In teaching, there are occasionally moves I make because I want to look like a good teacher, and that’s not a bad thing.  Some of these moves are things I’ve been taught work, and know work, but that are just not my most natural inclination in a given situation.  However, there’s a difference in the delivery when you are doing something to look like a good teacher and when you are doing it because you really believe in your gut that it is the best way toward student learning.  Sometimes the latter is the only type of action that really works with kids, those times when creativity is necessary.  Over time, I’ve had to train myself to believe in my gut that some things that are what “good teachers do” are things I actually believe in.  More experience usually leads to that kind of synchronicity between what you understand you “should” be doing as a teacher and what you truly believe will work.  A good philosophical match between teacher and school can also help bring these two together.

Today it occurred to me that this same phenomenon happens for students when it comes to learning. Sometimes, probably often, a student does something because he or she wants to look like a good student.  That can be an important part of being a good student–trusting that your teachers are directing you toward a way of learning and being that will work for you.  There are other times where a student is doing something because of genuine interest or belief that they will learn and gain satisfaction from it.  The second way is more powerful because the motivation is intrinsic and in line with the individual’s interests.

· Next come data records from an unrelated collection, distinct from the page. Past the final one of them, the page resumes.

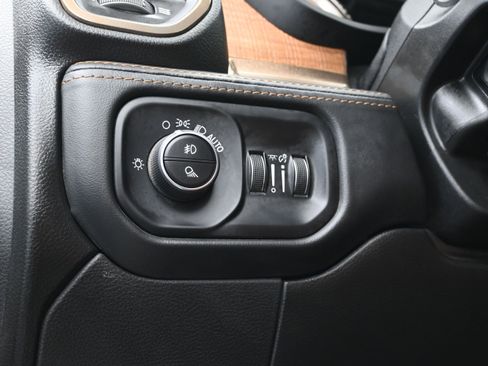 Used 2021 RAM 3500 Limited AWD/4WD image 11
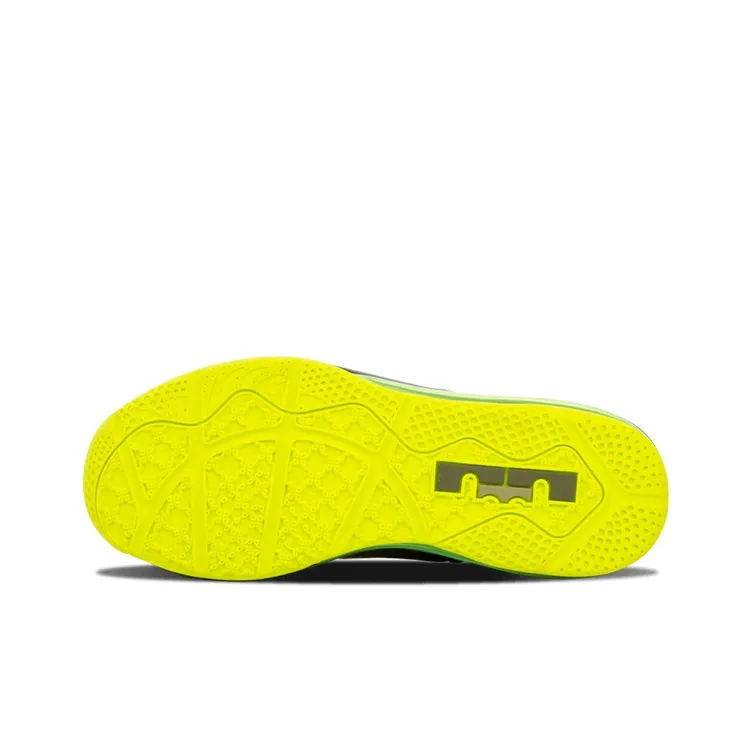 Nike LeBron 11 Low Dunkman-3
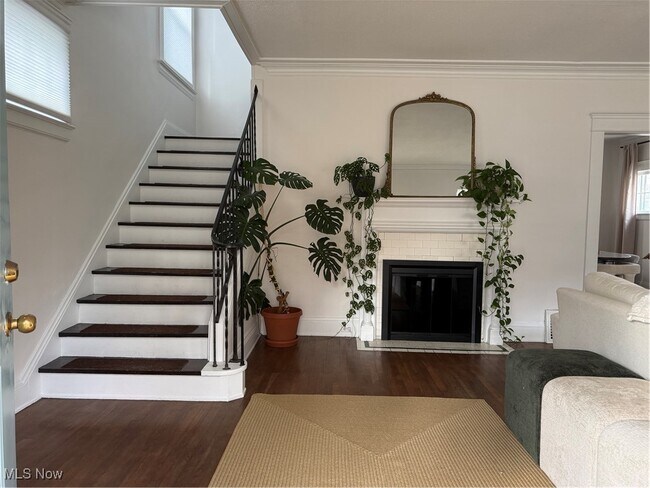 Foto del edificio - 1320 W 108th St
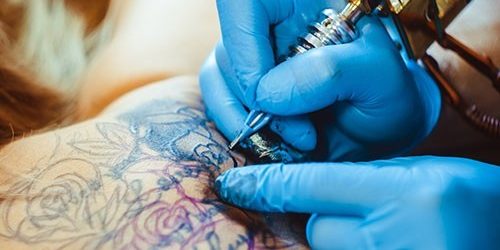 При ослабленном иммунитете татуировка может оказаться опасной — МедНовости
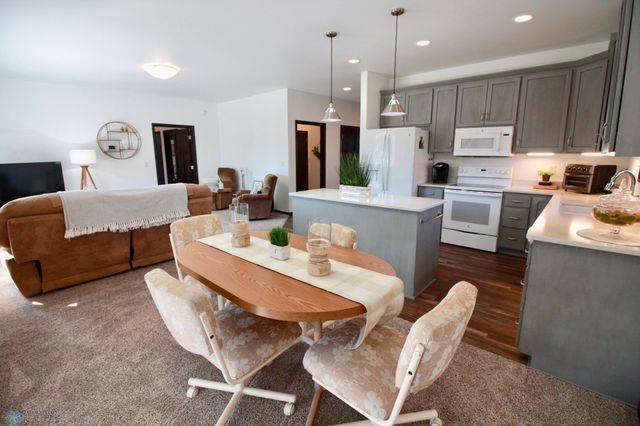 112 Dakota Drive, Hankinson, ND 58041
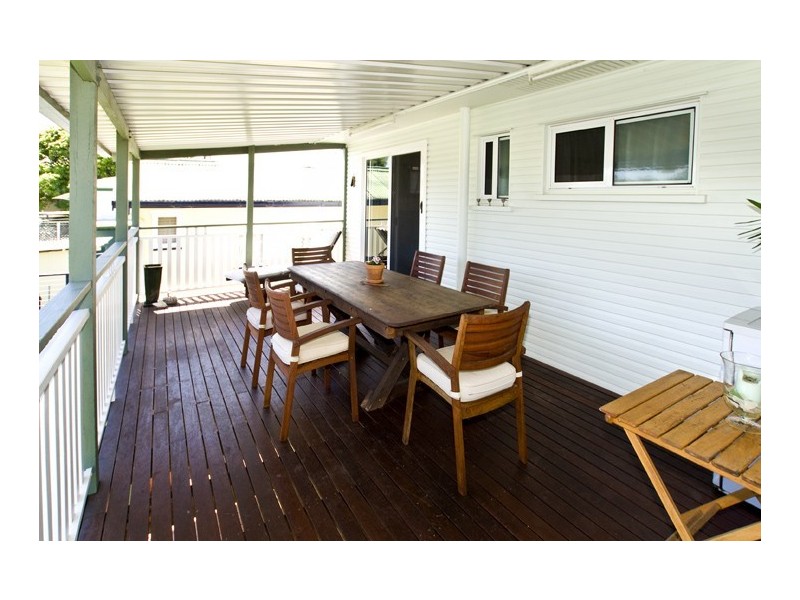 50 Higlett Street, Scarborough QLD 4020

This train of thought actually comes from a comment one of my seventh graders made in advisory yesterday when we were talking about professionalism in school.  She said a lot of students want to act “professionally” to look good for their teachers and others, “but inside they are bad children.”  This surprised me a bit. [I was expecting more the opposite: on the outside people might not think I’m good, but inside I know I am.]  Because I know the student a bit, I’m pretty certain she wasn’t saying that she thinks the kids are bad inside. She was talking about how the students see themselves.  This seems like a very seventh-grade-appropriate identity conflict and an important relationship to investigate: how others see me, and how I see myself…  We want our kids’ identities as students to be real and lasting, and their interest in learning to be genuine as much as possible.

Teachers, too, need to find themselves.  We must learn from our colleagues and from the body of knowledge about teaching that is available to us.  We also need to teach authentically in a way that is true to our sense of who we are and our purpose in the world.